The most sought-after experience that human society is striving to achieve, is still an underestimated and untapped experience beyond the reach of the majority.  Many believe they have reached that state of happiness, but have they?

 

It was a nice sunny tropical afternoon. On my daily commute back home, I was looking out through the window and my mood changed swiftly from jovial to a deep sense of pity. An old lady clad in a brownish-white outfit, ragged for the most part, was standing on the curbside with her merchandise on display and she was attending to her clients. Immediately a deep sense of discomfort overwhelmed me. So many thoughts came pounding on my mind:
Why are some people so miserable?

What can be done for such people? What can I do for such people?
How can I tolerate such a situation and not help?
I was helplessly witnessing the whole scene when I noticed something amazing. The lady was smiling from ear to ear! She was chatting with her fellow sellers and clients and going on about her business in a matter-of-fact manner.

I was catapulted into another mind battle. What was the meaning of this? It was unfathomable to me how a lady in her precarious situation, selling merchandise for a few pennies, could actually be in such a joyful mood. I drifted back to my experiences of homeless people living their carefree lives and sleeping by the road at night only to be chased away every morning by the police, yet they were full of jokes every evening when they gathered with their other homeless friends. The daily reality around the world appeared vividly in my mind where children were bathing with great joy in muddy water or having to journey hundreds of kilometers to go to school or work.

My very definition of happiness was challenged at that point.
What was happiness for me: good education; more money; more facilities! What was happiness and joy for me was seemingly unknown to them. My logical mind could not comprehend. Frustration took over me.  I felt dissatisfied.
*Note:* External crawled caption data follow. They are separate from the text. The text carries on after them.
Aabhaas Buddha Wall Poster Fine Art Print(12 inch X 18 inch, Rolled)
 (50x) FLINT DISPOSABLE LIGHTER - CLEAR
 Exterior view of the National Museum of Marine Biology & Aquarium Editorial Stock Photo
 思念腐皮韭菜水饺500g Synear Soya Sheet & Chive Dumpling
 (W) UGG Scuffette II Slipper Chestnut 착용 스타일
I then remembered Srila Prabhupada’s teachings in the Bhagavad-Gita about: Relative Truth and Absolute Truth.

Actually what we are all experiencing is not happiness! It is simply the absence of happiness that we are experiencing and this temporary state feels so nice that we equate this feeling to happiness! This fickle friend has been eluding us for centuries. Srila Prabhupada explained in a letter in 1970 to Robert Karen the concept of relative truth:The truth within this material world is relative. The Absolute Truth is outside the relative world. Just like when a child is born, he is relative—he is born by his father. Then you go on researching and you will find that his father is also born of his father and so on. In this way, if we go on searching out the Absolute Truth, we will find Him, the Supreme Person, not impersonal. Just like the child is a person, therefore the agent or the truth which begot the child is taken without any hesitation as a person. Therefore the Absolute Truth cannot be impersonal—that is a fact.

By the time I reached home, my frustration and restlessness subsided and I was enlightened by this amazing knowledge, which challenged the very definition of joy and happiness to me. I had the realization that even I am not happy; despite having a good education, a good job, and a nice home. I am simply experiencing a state of absence of suffering and misery in my relative truth.
I am no different than the old lady by the curbside!